» Record excerpts
▬▬▬

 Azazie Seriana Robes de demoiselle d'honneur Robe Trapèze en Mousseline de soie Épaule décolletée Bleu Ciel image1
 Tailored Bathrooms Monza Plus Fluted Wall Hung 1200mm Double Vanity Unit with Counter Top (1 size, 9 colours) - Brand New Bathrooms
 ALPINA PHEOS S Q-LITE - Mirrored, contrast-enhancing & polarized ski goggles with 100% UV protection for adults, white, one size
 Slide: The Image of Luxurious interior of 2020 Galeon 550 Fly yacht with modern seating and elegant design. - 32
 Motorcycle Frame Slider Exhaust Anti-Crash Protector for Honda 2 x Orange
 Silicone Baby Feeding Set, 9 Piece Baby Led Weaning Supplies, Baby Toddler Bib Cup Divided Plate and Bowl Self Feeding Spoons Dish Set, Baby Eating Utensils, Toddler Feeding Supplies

▬▬▬

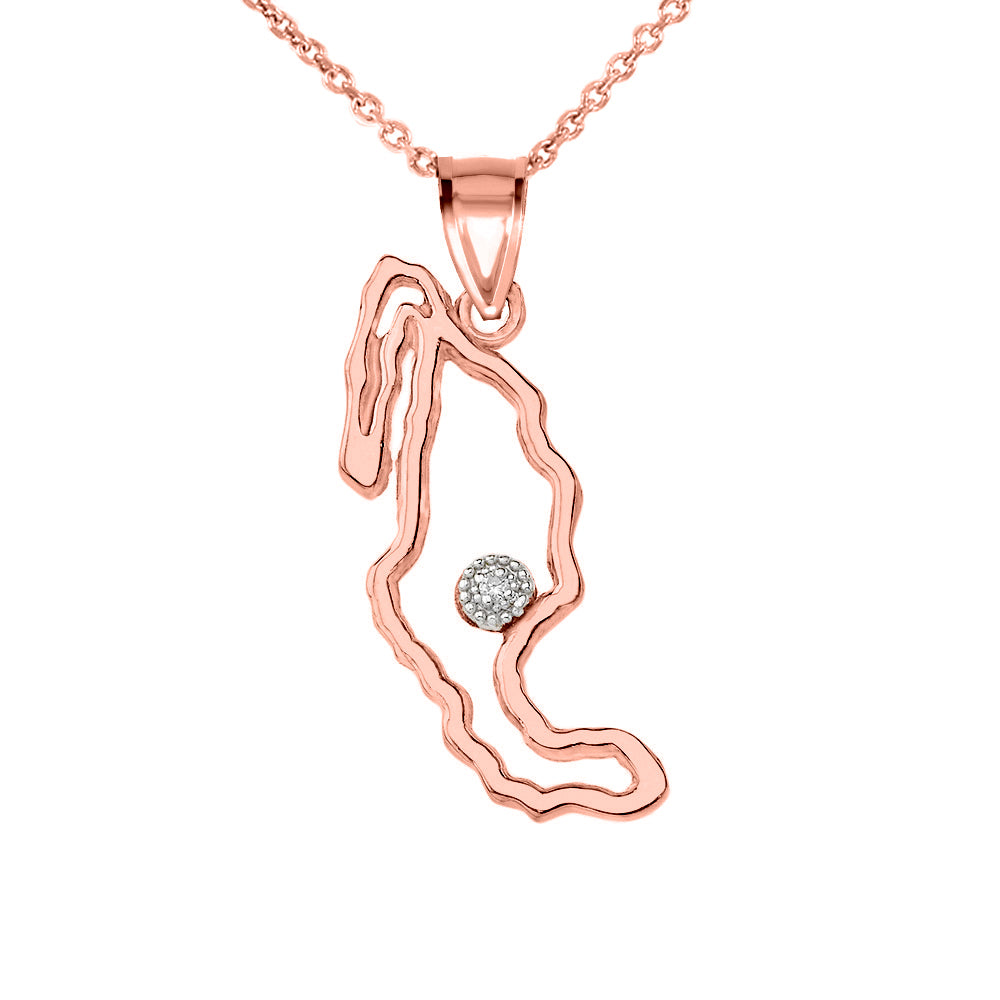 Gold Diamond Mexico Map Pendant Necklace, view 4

▬▬▬

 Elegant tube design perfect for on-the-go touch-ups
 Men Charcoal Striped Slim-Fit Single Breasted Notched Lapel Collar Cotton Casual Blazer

▬▬▬

» What this task involves
Print the lines above from the one with "Azazie Seriana Robes" through the one with "Silicone Baby Feeding", both included, exactly as written and nothing more.

» Task result
 Azazie Seriana Robes de demoiselle d'honneur Robe Trapèze en Mousseline de soie Épaule décolletée Bleu Ciel image1
 Tailored Bathrooms Monza Plus Fluted Wall Hung 1200mm Double Vanity Unit with Counter Top (1 size, 9 colours) - Brand New Bathrooms
 ALPINA PHEOS S Q-LITE - Mirrored, contrast-enhancing & polarized ski goggles with 100% UV protection for adults, white, one size
 Slide: The Image of Luxurious interior of 2020 Galeon 550 Fly yacht with modern seating and elegant design. - 32
 Motorcycle Frame Slider Exhaust Anti-Crash Protector for Honda 2 x Orange
 Silicone Baby Feeding Set, 9 Piece Baby Led Weaning Supplies, Baby Toddler Bib Cup Divided Plate and Bowl Self Feeding Spoons Dish Set, Baby Eating Utensils, Toddler Feeding Supplies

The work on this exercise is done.